O presidente afirmou que os EUA irão governar a Venezuela por meio de um grupo interino formado por integrantes do alto escalão de seu governo, até que ocorra uma transição de poder. Ele não detalhou prazos nem os nomes que integrarão essa administração temporária, afirmando apenas que as informações serão divulgadas em breve.

“Nós vamos administrar o país até o momento em que pudermos garantir uma transição adequada, justa e legal. Queremos liberdade e justiça para o grande povo da Venezuela”, declarou Trump.

Durante o discurso, o presidente norte-americano descartou a participação da líder oposicionista María Corina Machado no futuro governo. Apesar de ter vencido o Nobel da Paz de 2025 e defender a tomada imediata do poder pela oposição, Trump afirmou que ela não teria apoio interno suficiente para liderar o país.
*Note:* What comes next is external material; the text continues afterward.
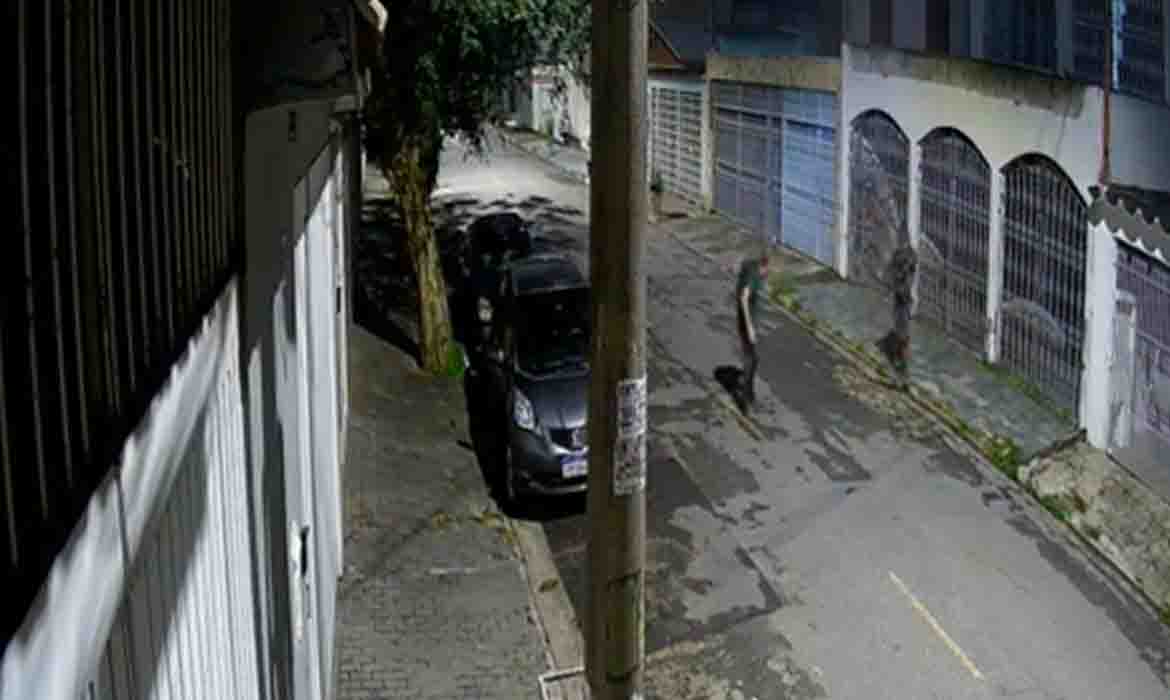 1 pessoa é esfaqueado no Jardim Santa Francisca. Ele havia ferido mais 2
Trump também anunciou que grandes companhias petrolíferas dos Estados Unidos irão investir bilhões de dólares na recuperação da indústria petrolífera venezuelana. Segundo ele, a infraestrutura do setor estaria em estado crítico após anos de gestão socialista.

“Vamos fazer o petróleo fluir. Nossas empresas vão consertar a infraestrutura e gerar lucro para o país”, afirmou, alegando que a indústria petrolífera venezuelana teria sido originalmente construída com capital e tecnologia norte-americanos.

Questionado sobre a comunicação prévia ao Congresso, Trump disse que parlamentares foram informados apenas após a operação, alegando risco de vazamento de informações. Sobre o futuro de Maduro, afirmou que ele será levado a Nova York, onde a Justiça norte-americana decidirá sobre sua prisão e julgamento.